1. Human nature is bad; because it’s bad it must be corrected by means of external tools following an external pattern.

Mengzi—a Confucian teacher in the previous generation—teaches that human nature is good. Since it’s good, in order to know what is good, we simply have to look within ourselves. Goodness is inate. While our good nature may be corrupted by society or through some other problem, it’s always there and its development is a natural process. Thus, meditation and introspection are key tools for forming the virtues because they enable us to look inwardly and tap into that inherent good nature. As a result, Mengzi can use the metaphor of growth. So, seeds of virtue within human nature will naturally grow. It’s one-directional process and there’s a certain natural inevitability to it. Just like a plant, if human nature is given what it needs and is not interfered with, virtue is going to grow. So, Mengzi can use agricultural metaphors.

Xunzi doesn’t. He’s deliberately setting himself up against Mengzi and he uses no agricultural metaphors for the human spirit or for the acquisition of virtue. Instead of being agricultural, all of his metaphors are about crafts; they’re technological. A piece of clay is never inherently going to become a pot. If you don’t do anything to it, it’s just going to sit there.  In the same way a piece of wood is never going to spontaneously turn into a wheel. Instead, it requires an artisan to steam the wood and use a jig to shape and bend it into a new configuration. These are the metaphors he employs before turning to the construction of virtue within humans.

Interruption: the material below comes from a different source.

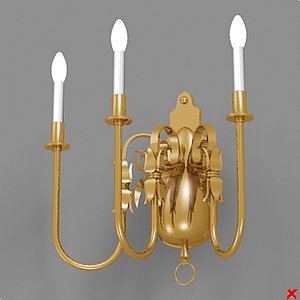wall lamp 3d model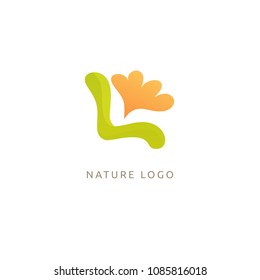Campanula logo. Wedding floral icon. Luxury retro emblem. Cosmetics, Spa, Beauty salon, Decoration, Boutique vector logo. Royal Jewelry, Yoga, Premium Logo. Resort and Restaurant design illustration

Someone may ask: if man’s nature is evil, then where do ritual principles come from? I would reply: all ritual principles are produced by the conscious activity of the sages; essentially they are not products of man’s nature. A potter molds clay and makes a vessel, but the vessel is the product of the conscious activity of the potter, not essentially a product of his human nature. A carpenter carves a piece of wood and makes a utensil, but the utensil is the product of the conscious activity of the carpenter, not essentially a product of his human nature. The sage gathers together his thoughts and ideas, experiments with various forms of conscious activity, and so produces ritual principles and sets forth laws and regulations. Hence, these ritual principles and laws are the products of the conscious activity of the sage, not essentially products of his human nature. (Burton, 160)

[All quotations come from Burton Watson’s translation of sections of the Xunzi whom he romanizes as Hsun Tzu]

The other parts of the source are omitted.